Pictures stay out of this copy; please retype only the lines from the start of the records through the line with "Misaka Mikoto from".

......

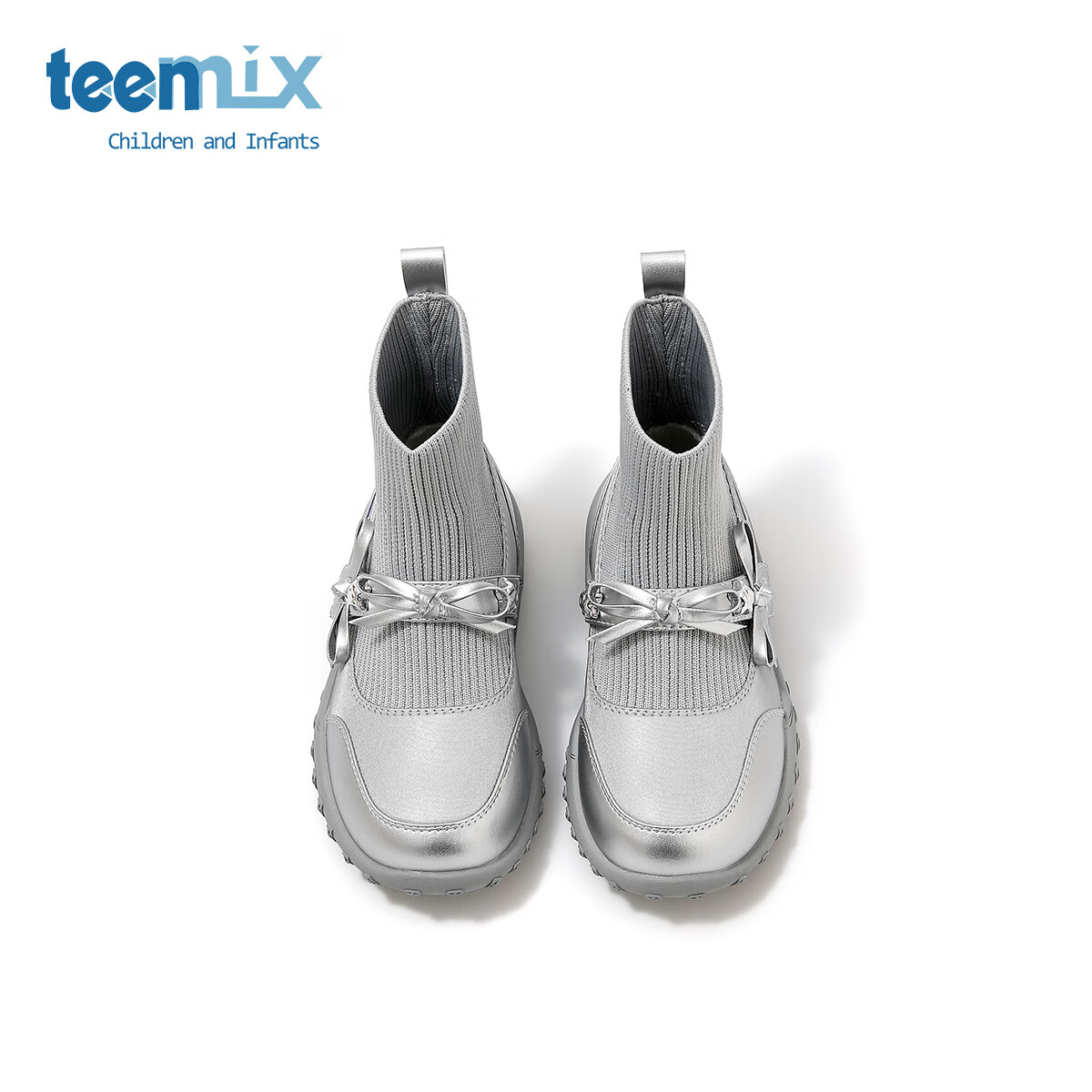 天美意天美意童鞋2025年春秋新款小女孩蝴蝶结公主靴女童百搭中大童袜靴 银色 30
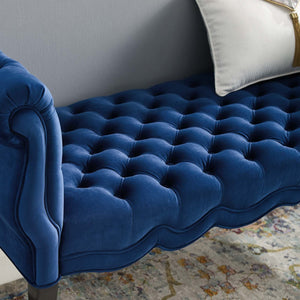 ModwayModway Adelia Chesterfield Style Button Tufted Performance Velvet Bench EEI-3018 EEI-3018-NAV- BetterPatio.com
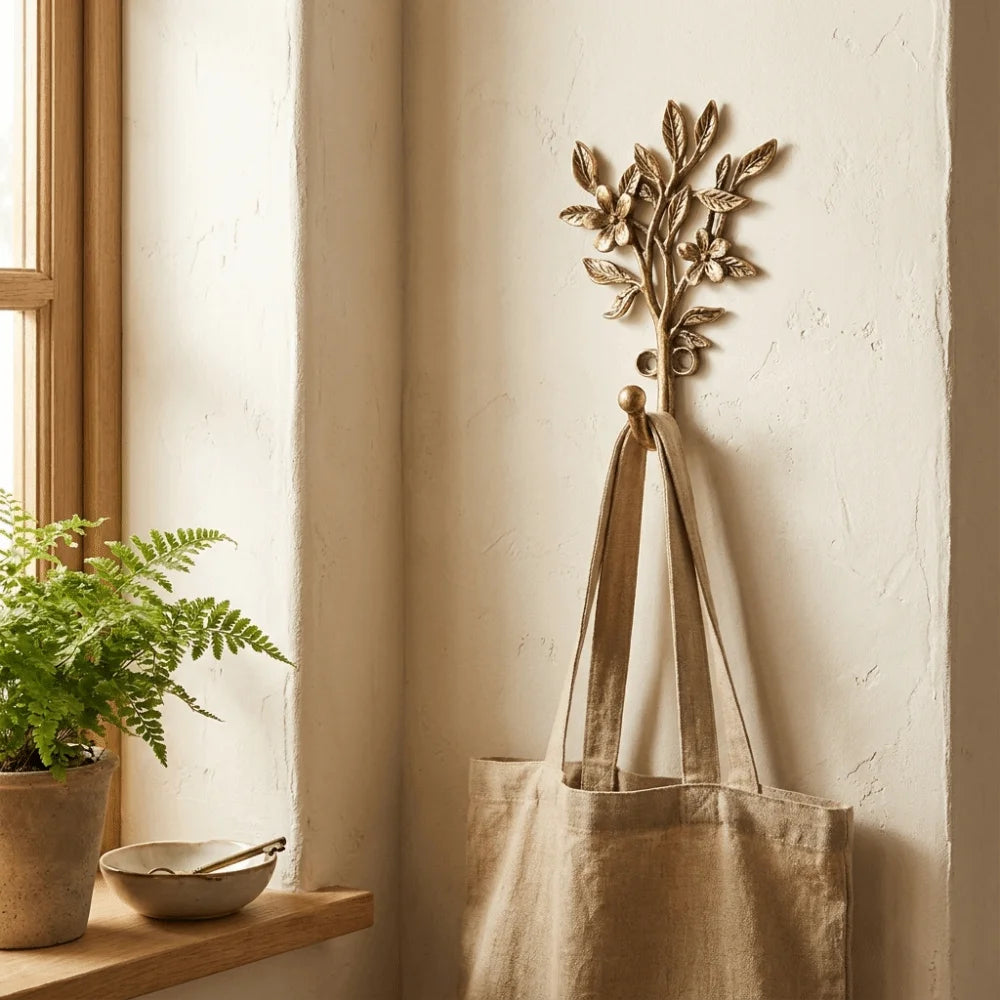 Gold Botanical Wall Hook, Leaf or Bee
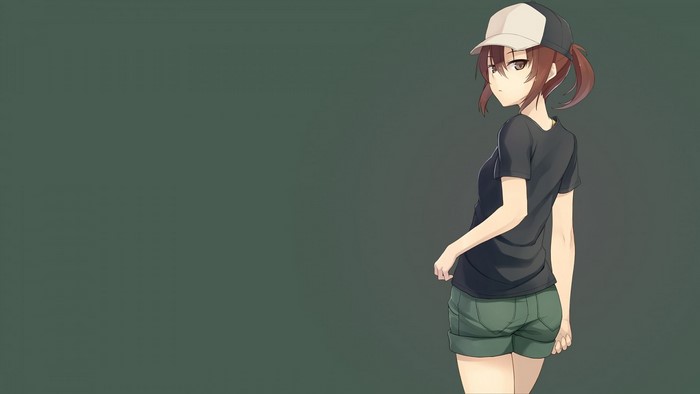 Misaka Mikoto from To Aru Kagaku no Railgun wearing a cap and shorts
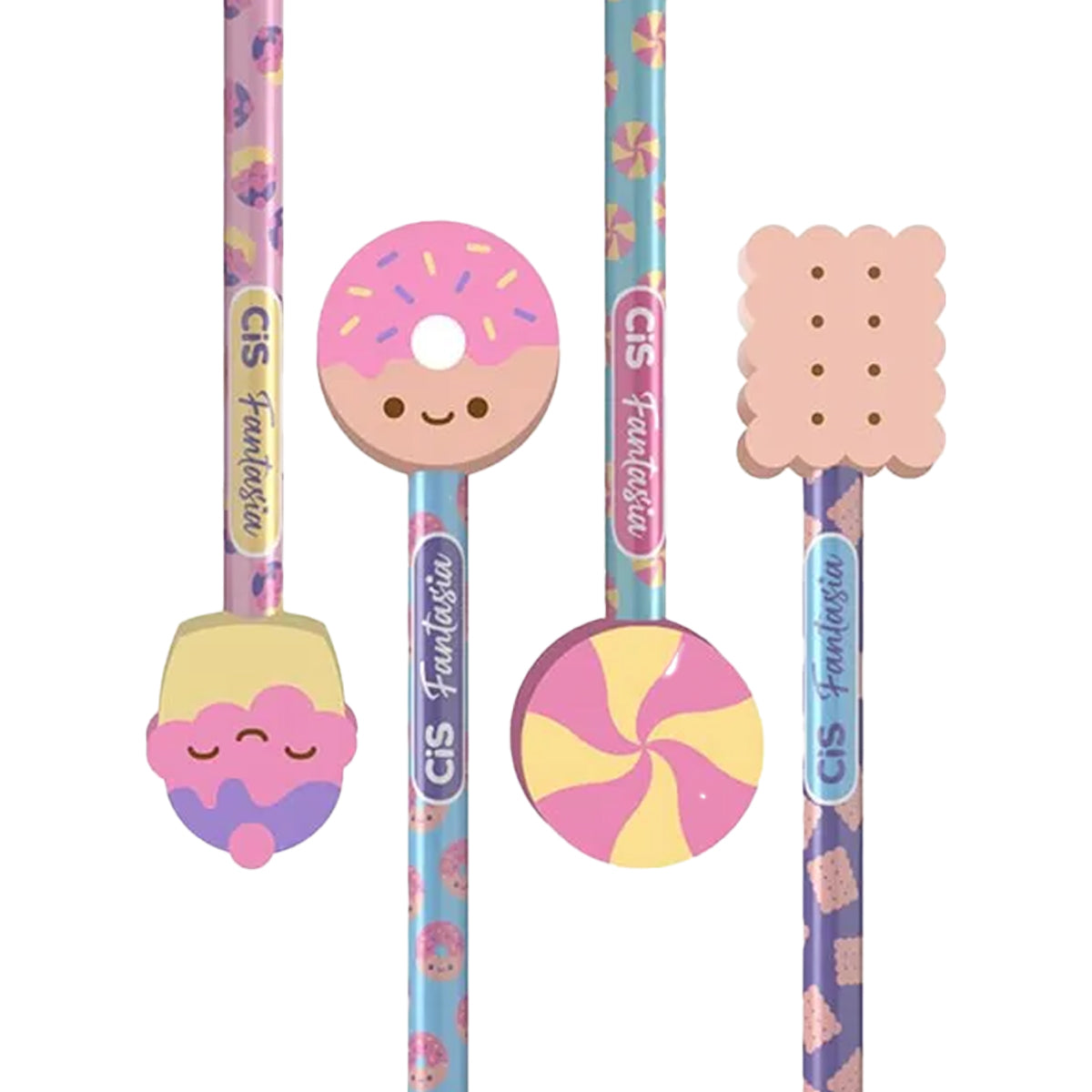 Lapis de Grafite Fantasia Candy Hb com Borracha - Sortidas - Cis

......

Written reply
 天美意天美意童鞋2025年春秋新款小女孩蝴蝶结公主靴女童百搭中大童袜靴 银色 30
 ModwayModway Adelia Chesterfield Style Button Tufted Performance Velvet Bench EEI-3018 EEI-3018-NAV- BetterPatio.com
 Gold Botanical Wall Hook, Leaf or Bee
 Misaka Mikoto from To Aru Kagaku no Railgun wearing a cap and shorts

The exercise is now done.